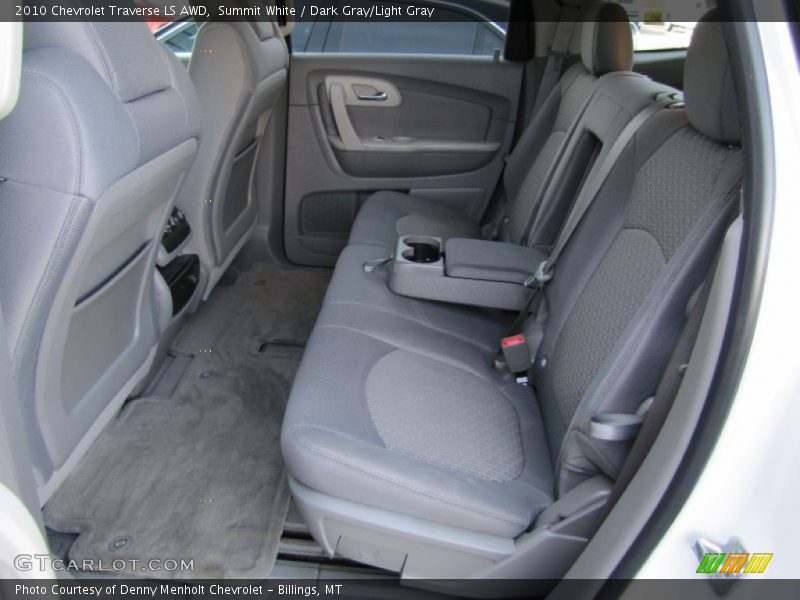 Summit White / Dark Gray/Light Gray 2010 Chevrolet Traverse LS AWD
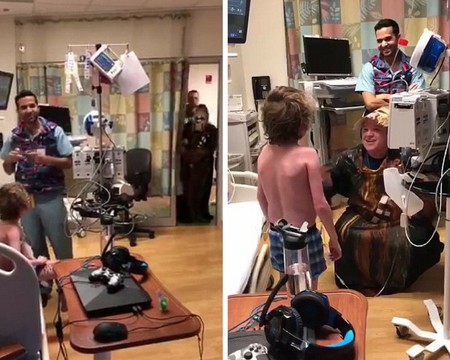 Un médico se viste de Chewbacca para anunciar a un paciente que al fin ha llegado el trasplante de corazón que esperaba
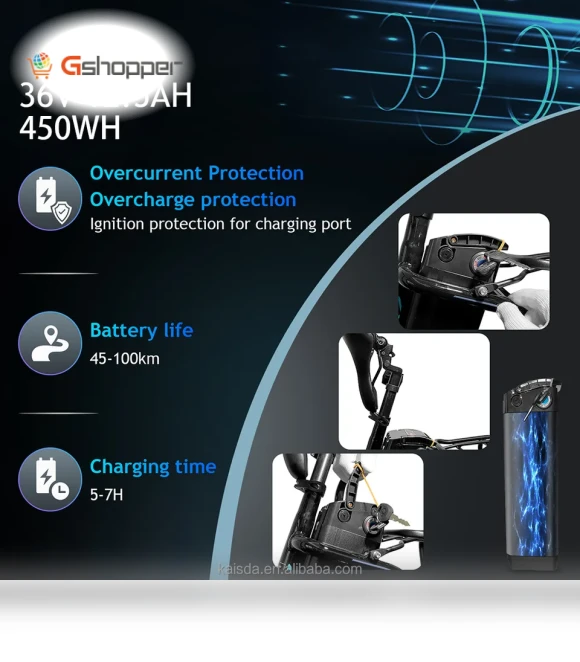 Electric City Bike — Electric Self-Balancing Scooters, KAISDA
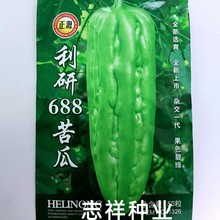 广东正源利研688苦瓜种子大顶苦瓜油绿白凉瓜籽春秋蔬菜种孑10克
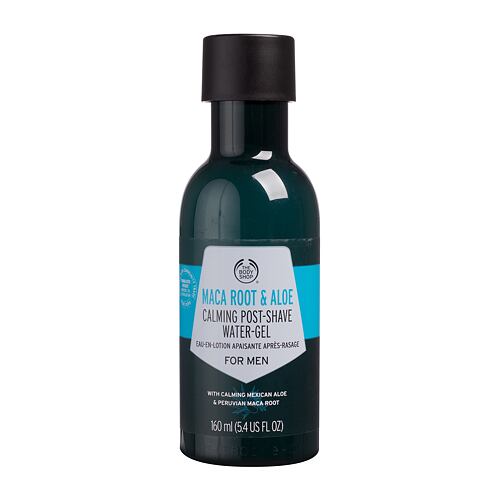 Soin après-rasage The Body Shop Maca Root & Aloe Calming Post-Shave Water-Gel 160 ml
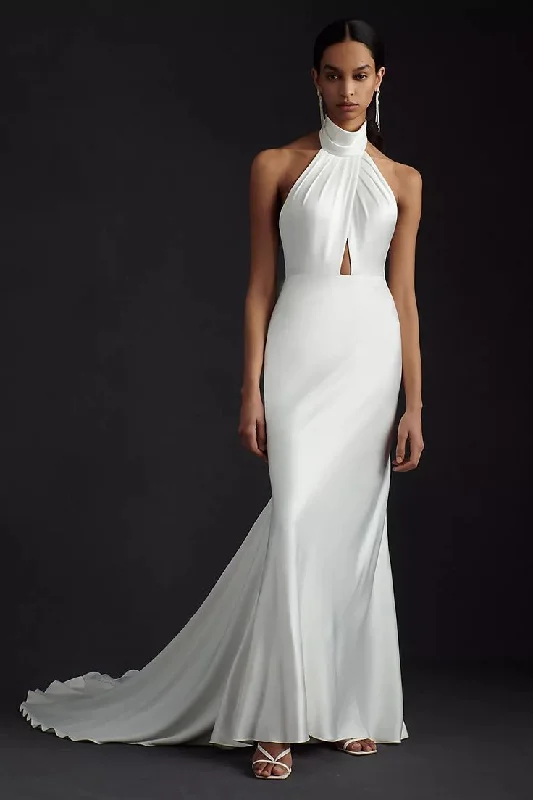 Jenny Yoo Nicola Gown Lace Train Dress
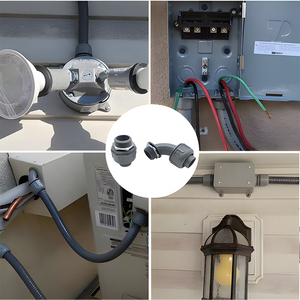 Raccordo diritto impermeabile in PVC non metallico in nylon YOD per installazioni elettriche, connettore per condotti a tenuta stagna - Product Image 5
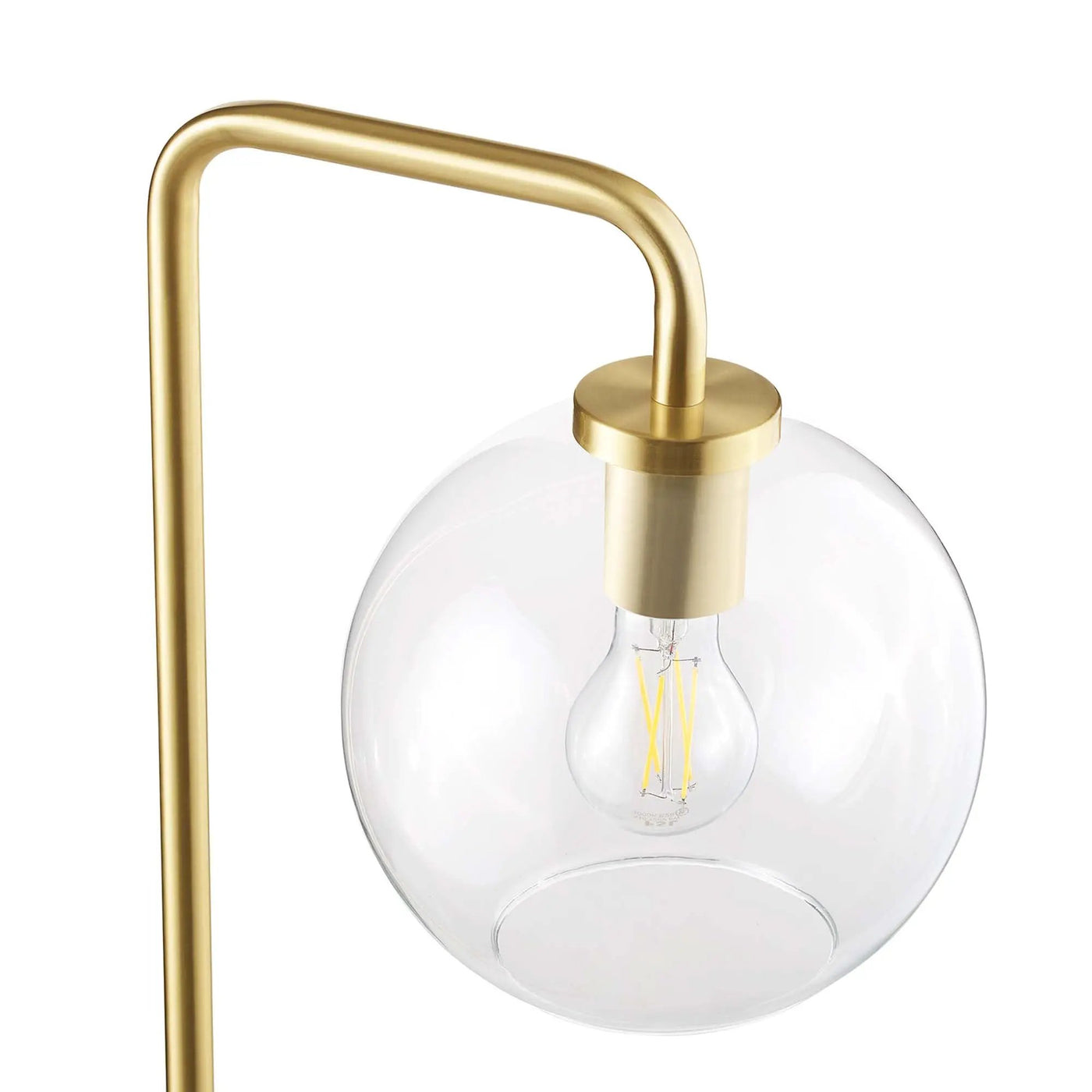 Silo Glass Globe Glass and Metal Floor Lamp by Modway by HouseOfZazla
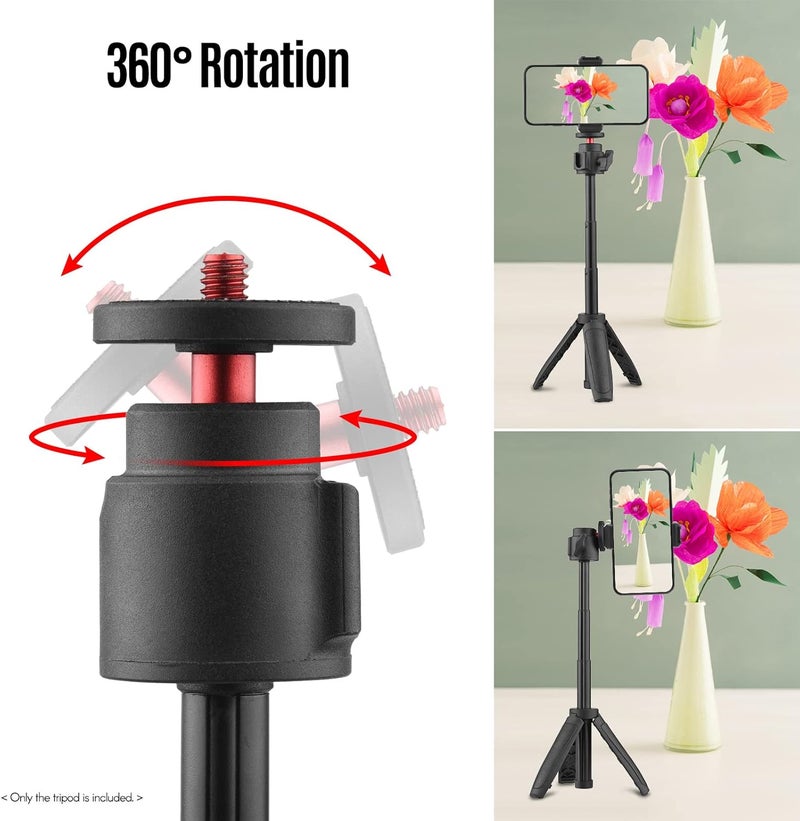 Eacam Lightweight Portable Mini Tripod with Adjustable Height for Phone and Camera - Image 4
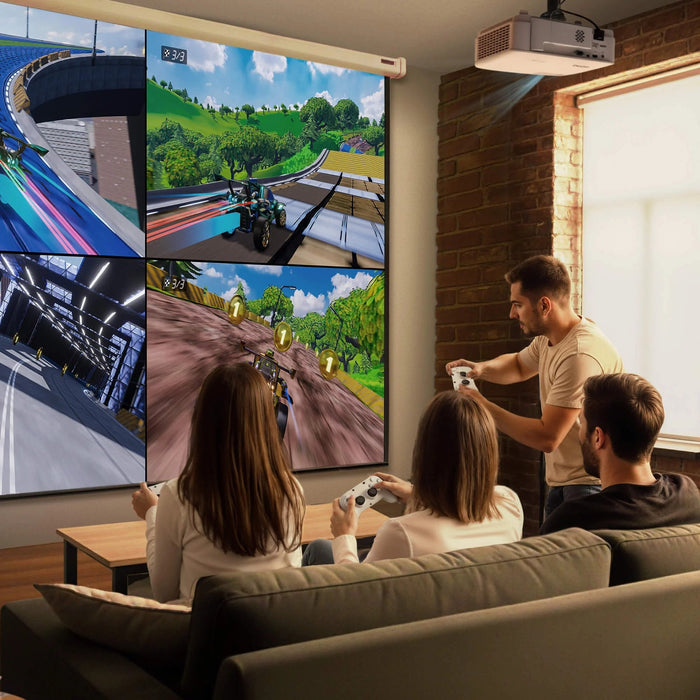 Proyector  Benq Th575i Doméstico 1080p, 3800lm, Google Tv Dongle Con Licencia Incluido, 16,7ms Baja Latencia Gaming, Corrección Vertical Automática, Zoom Óptico 1,1x, Modo Deportes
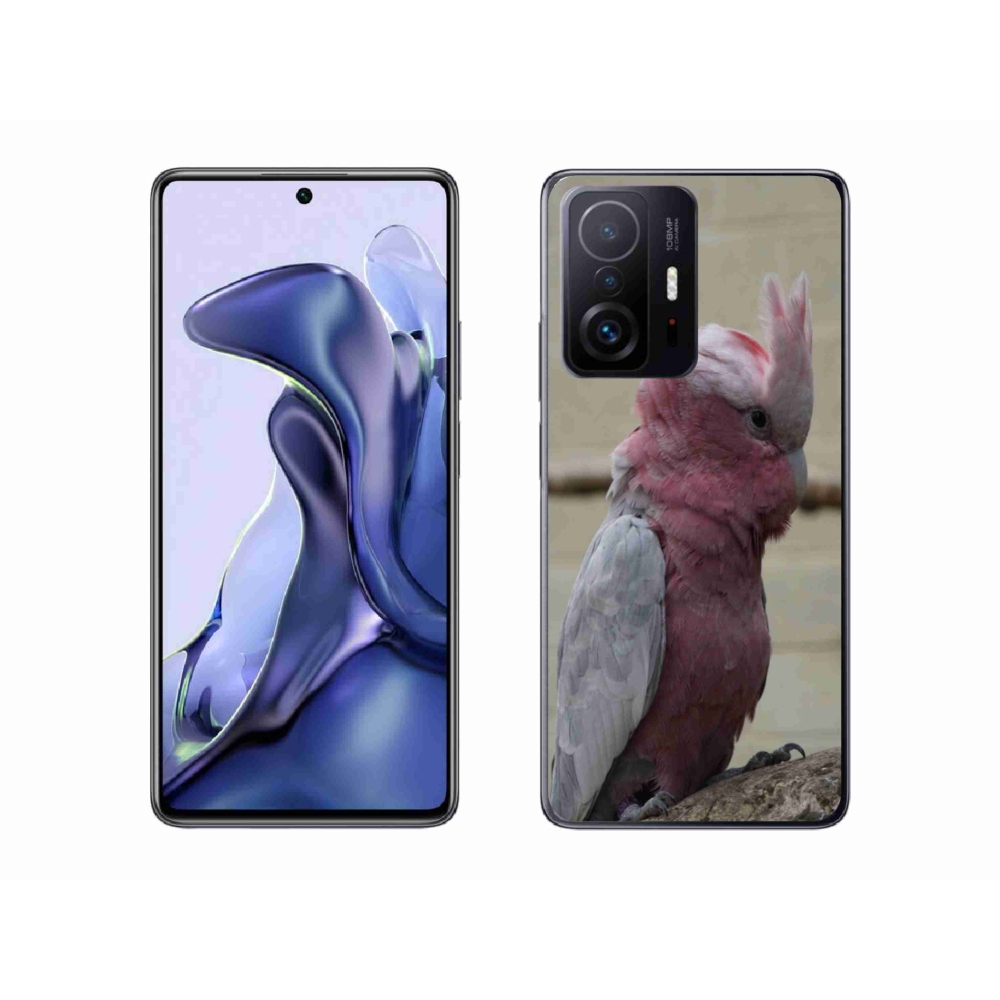Gél borítás mmCase a Xiaomi 11T-hez - papagáj kakadu rózsaszínű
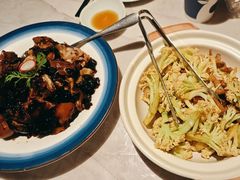 干锅有机菜花-船歌·鱼水饺青岛菜(黄岛珠江路店)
_ _ _ _ _ _ _
*What the task requires*
Set down word for word the lines above from the one with "Electric City Bike" up to and including the one with "Eacam Lightweight Portable". Omit every picture.

*Your solution*
 Electric City Bike — Electric Self-Balancing Scooters, KAISDA
 广东正源利研688苦瓜种子大顶苦瓜油绿白凉瓜籽春秋蔬菜种孑10克
 Soin après-rasage The Body Shop Maca Root & Aloe Calming Post-Shave Water-Gel 160 ml
 Jenny Yoo Nicola Gown Lace Train Dress
 Raccordo diritto impermeabile in PVC non metallico in nylon YOD per installazioni elettriche, connettore per condotti a tenuta stagna - Product Image 5
 Silo Glass Globe Glass and Metal Floor Lamp by Modway by HouseOfZazla
 Eacam Lightweight Portable Mini Tripod with Adjustable Height for Phone and Camera - Image 4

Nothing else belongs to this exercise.